Second, full nodes do receive the transactions via the internet. This gives access to IP addresses from which transactions are sent. Usually a full node will not be able to infer an identity from an IP address. Since the decision of the CJEU in the Breyer case, it is clear that information available to a third party may come in the ambit of means reasonably likely to be used, unless the effort needed to access it would be disproportionate and “the risk of identification appears in reality to be insignificant”. [16] Given that illegal content may be stored on a blockchain e.g. via a bitcoin transaction, [17] a full node can have an interest in knowing who placed illegal information on the full node’s system.
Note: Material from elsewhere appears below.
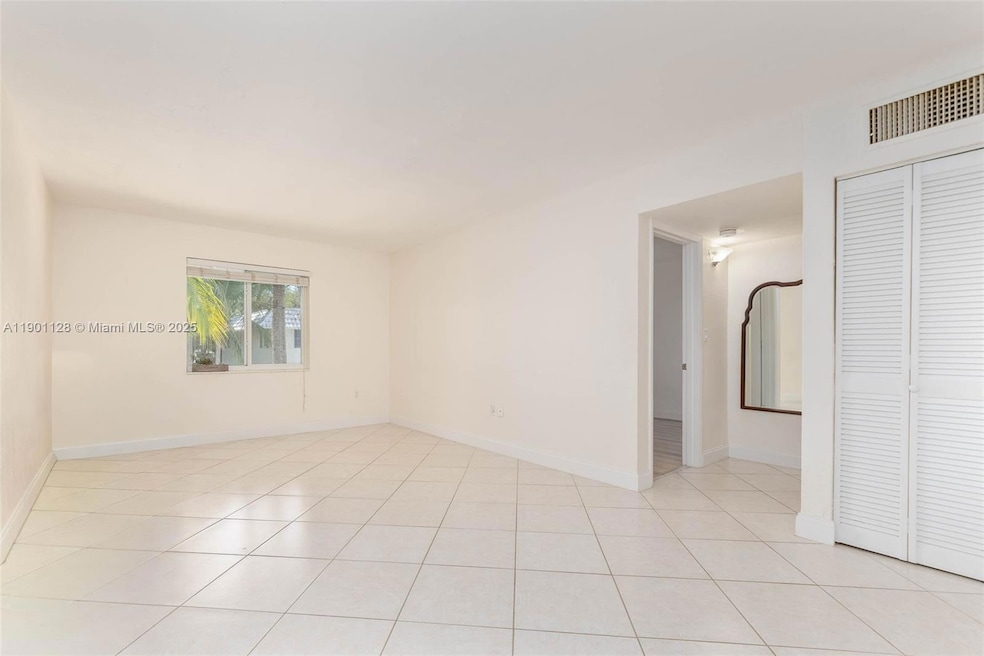 8605 SW 68th Ct unit 22, Miami, FL 33143 - photo 1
This would require cooperation from an internet provider who can link the IP address to an identity legally. A claim to obtain personally identifying information of the person who placed the content on the blockchain from the pertinent Internet Provider has a good chance of being found proportional. [18] The immutability of the blockchain makes removal of content from the blockchain extremely costly for the full node. Therefore, being able to address the uploader is an important means to prevent or discourage illegal content upload from re-occurring in the future.

24

Above, it was indicated that an issuing company in an ICO may be required to collect KYC-information and in practice, KYC information is indeed collected. [19] KYC obligations require identification of the customer or its beneficial owner. [20] Given the smaller amounts that can be paid into an ICO, the customer or the beneficial owner will often be a natural person. Therefore, KYC information will often consist of personal data.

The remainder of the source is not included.